A RIF Dialect is an XML language for RIF Documents. Each RIF Dialect defines semantics for the set of RIF Documents which conform to its syntax definition. Dialects may overlap other dialects; that is, a given document may be an expression in multiple dialects at the same time.

A Language Conflict occurs when multiple dialects specify different meanings for the same document. That is, if there can exist a RIF Document which syntatically conforms to two dialects, and a system can be conformant to one of the dialects without also being conformant to the other, then there is a language conflict between the dialects.

A RIF Extension is a set of changes to one dialect (the "base" dialect) which produce another dialect (the "extended" dialect), where the extended dialect is a superset of the base dialect.

A RIF Profile is the complement of a RIF Extension; it is a set of changes to one dialect (the "base" dialect) which produce another dialect (the "profile" dialect), where the profile dialect is a subset of the base dialect.

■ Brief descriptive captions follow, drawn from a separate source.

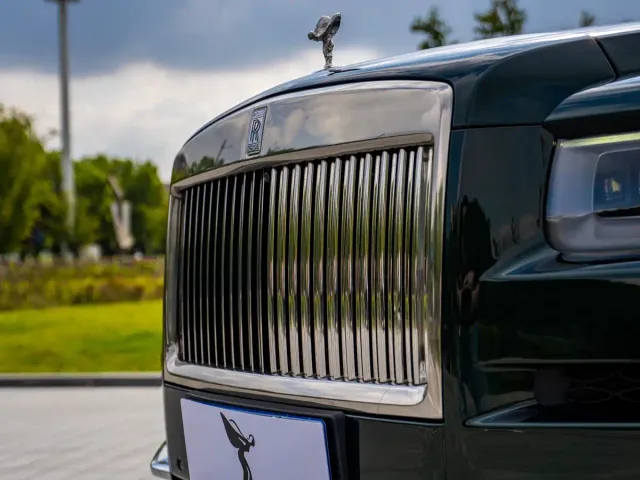 Rolls-Royce Cullinan — Фото автомобиля 9
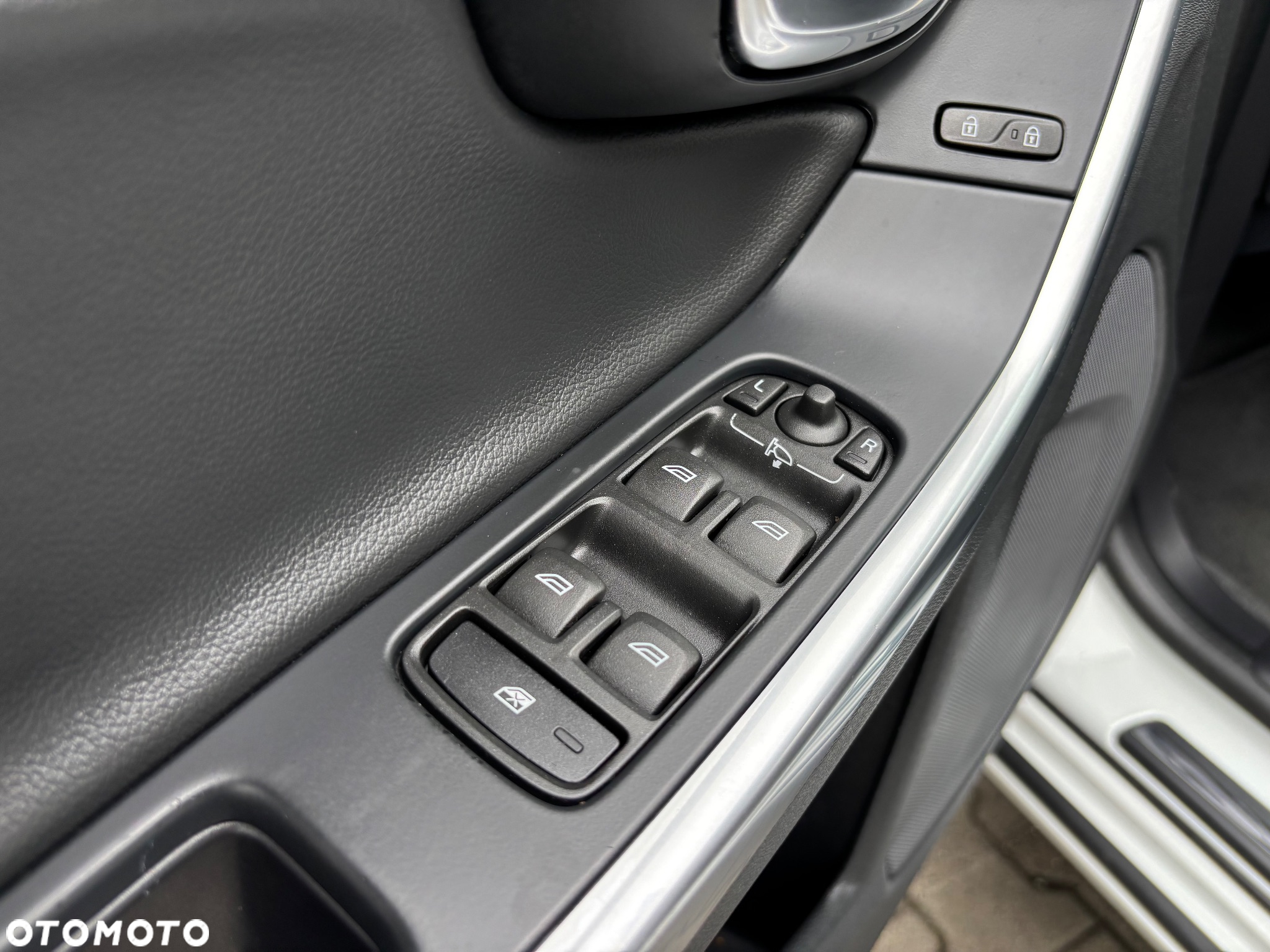 Volvo V60 D4 Drive-E R-Design Kinetic - 23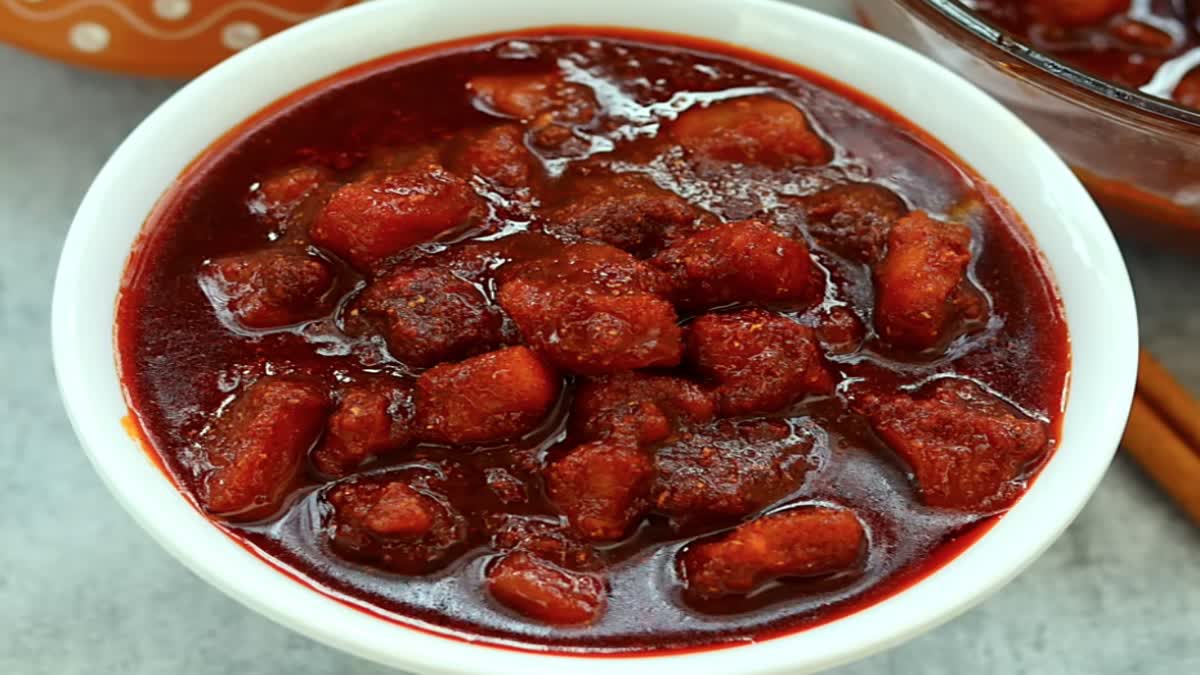 Spicy Pandumirchi Chicken Pachadi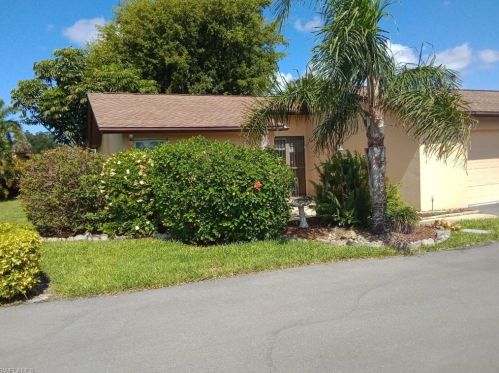 4171 Lakewood Blvd, Naples, FL 34112-6117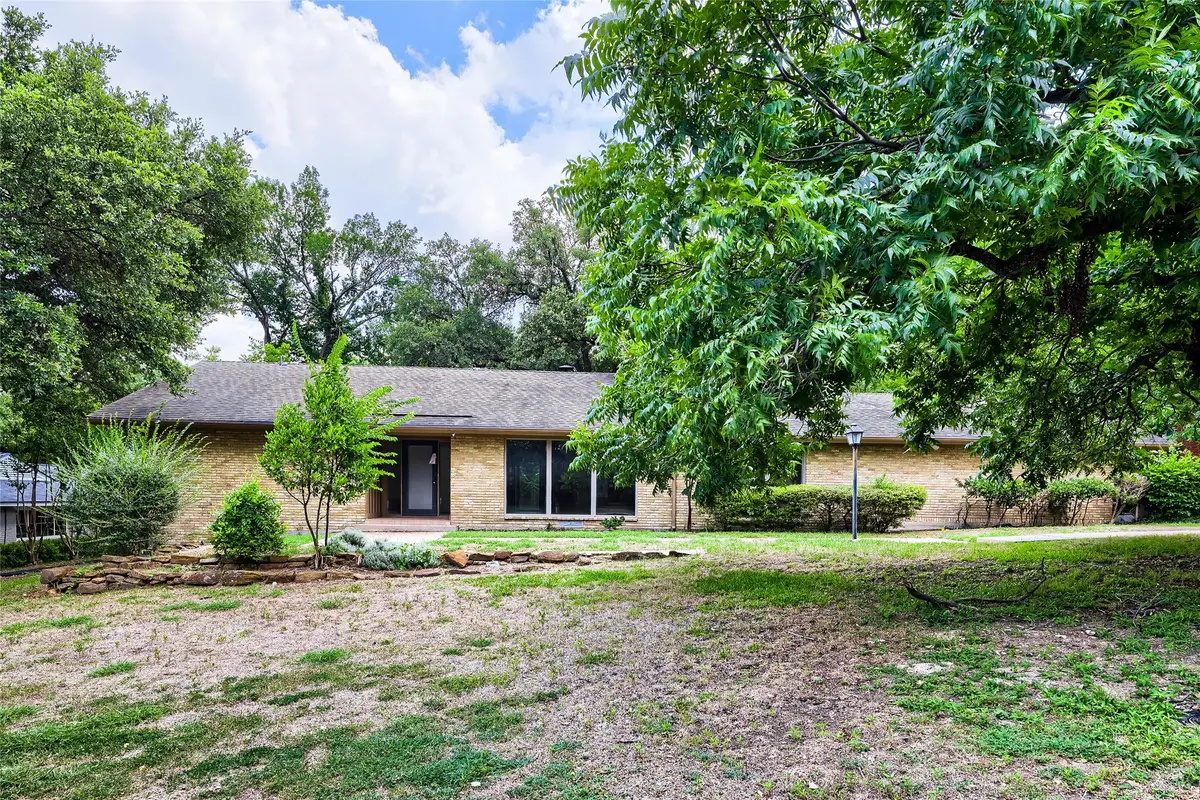 6606 Stonebrook Circle, Dallas, TX 75240 - #1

A system is Backward Compatible if it accepts old versions of its input language. All systems are backward compatible for languages which change only by incorporating extensions (that is, by growning). In a large, decentralized system (like the Web), backward compatibility is extremly important because new system will almost certainly have to read old-version data (either old documents, or documents recently written by old software).

A system is Forward Compatible if it behaves well when given input in future or unknown languages. In a large, decentralized system (like the Web), if the systems are not all forward compatible, new language versions are extremely difficult to deploy. Systems which are not forward compatible will behave badly when they encounter new-version data, so the users of these systems will tend to push back on the people trying to publish the new-version data. If a large enough fraction of the user base is using such systems, the push back becomes too great and migration to new versions is prevented. In small, controlled environments, the software for all the users can be upgraded at once, but that is not practical on the Web.

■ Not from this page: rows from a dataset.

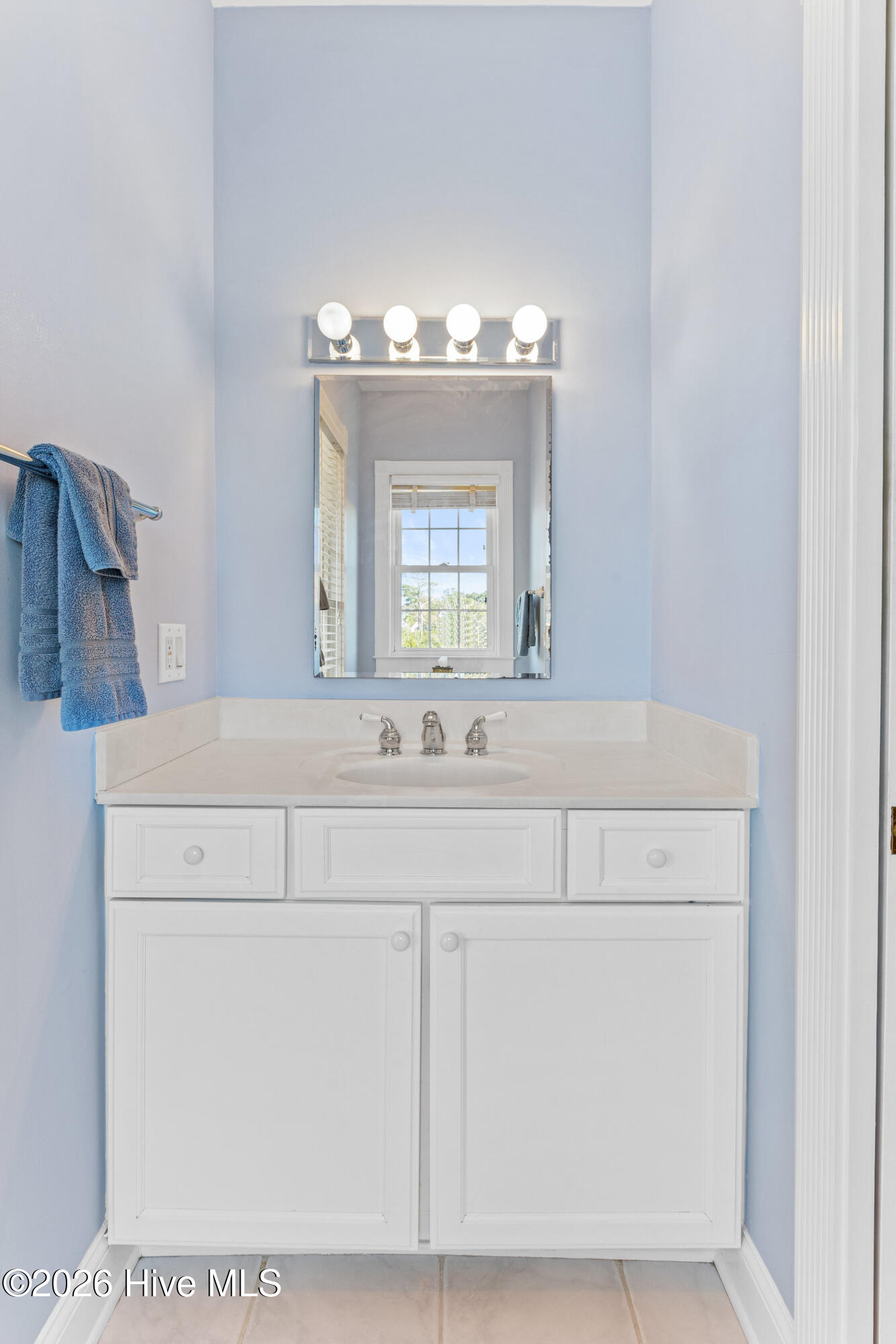 100558042 | Photo 40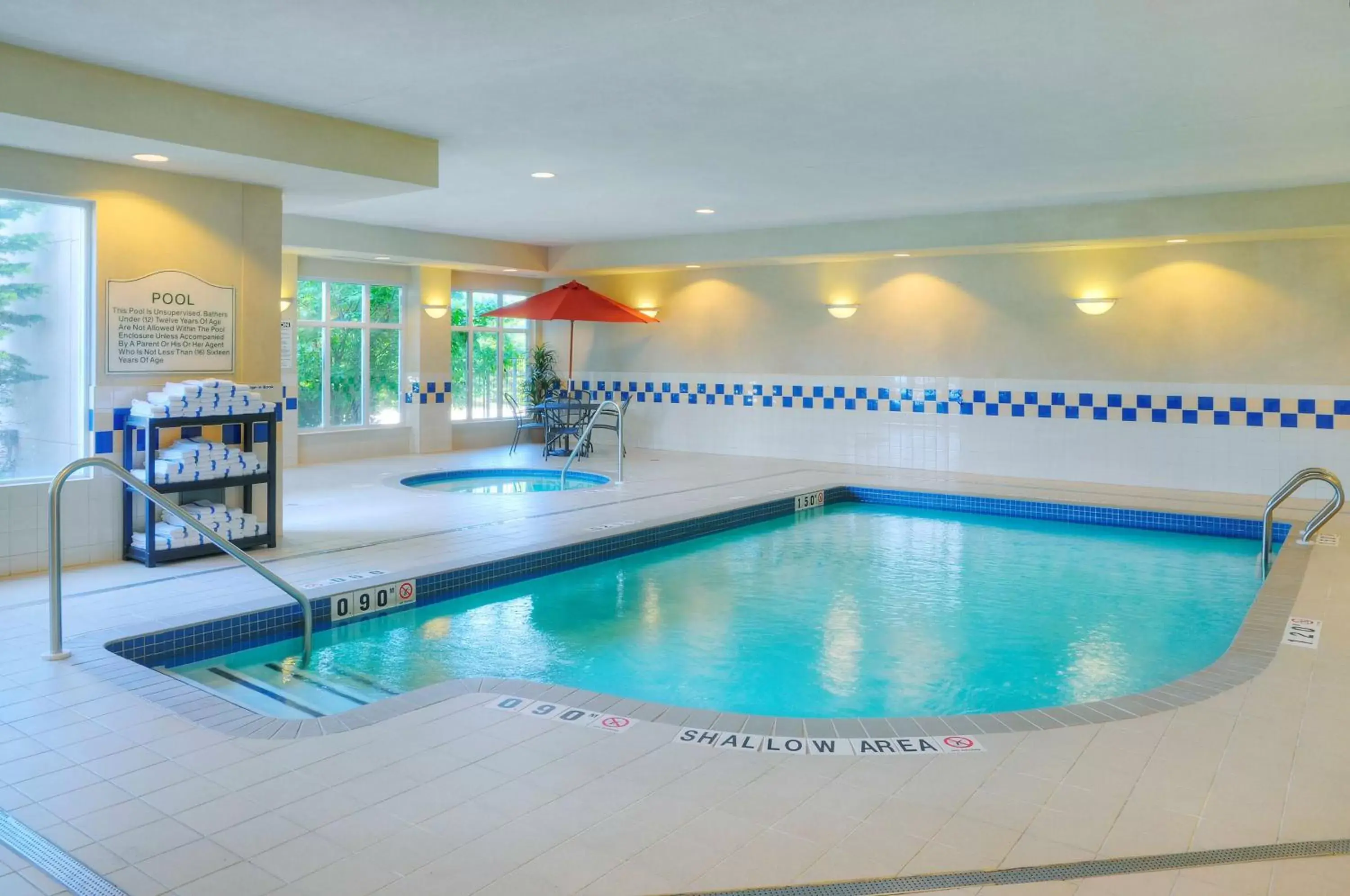 Pool view, Swimming Pool in Hilton Garden Inn Toronto/Burlington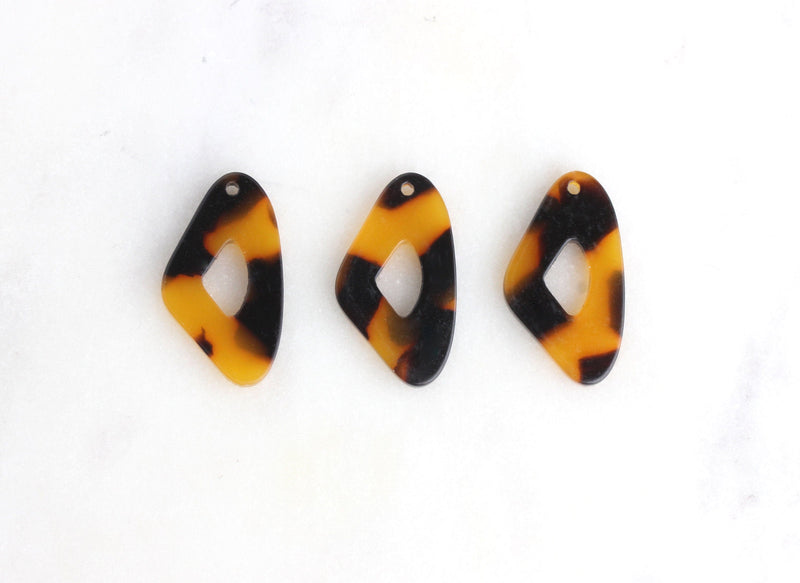4 Tortoise Shell Beads, Irregular Triangle Polygon Charms, Organic Shape, Tortoise Pattern Leopard Print, Teardrop Organic Charm VG026-24-TT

A Fallback mechanism provides forward compatibility by defining a transformation by which any RIF document in an unknown (or simply unimplemented) dialect can be converted into a RIF document in an implemented dialect. In many cases, fallback transformations will have to be defined to be lossy (changing the semantics of the document). Fallback mechanisms can be simple, like saying that certain kinds of unrecognized language constructs are to be ignored (as in CSS), or they can be complex, invoking a Turing complete processor (as in XForms-Tiny).

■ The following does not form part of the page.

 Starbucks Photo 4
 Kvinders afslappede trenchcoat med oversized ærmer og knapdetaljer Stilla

Impact is information about the type and degree of change performed by a fallback transformation. For instance, a fallback transformation which affects performance might be handled differently from one which will cause different results to be produced. This difference is considered impact information.

1.2. Extensibility

An Invisible Extension defines a dialect which has exactly the same syntax as some other dialect but different semantics. This is sometimes desirable when the different semantics are related in a practical and useful way, such as reflecting the different capabilities of competing implementation technologies. Deployment, testing, and the definition of conformance for invisible extensions require out-of-band information, which may be problematic. For example, there is a subset of OWL-Full which has the same syntax as OWL-DL, but which has more entailments (ie different semantics). This subset of OWL-Full is an invisible extension of OWL-DL; its presence (and thus the different intended semantics) cannot be determined by inspection and must be conveyed out-of-band in any applications where the semantic difference might matter.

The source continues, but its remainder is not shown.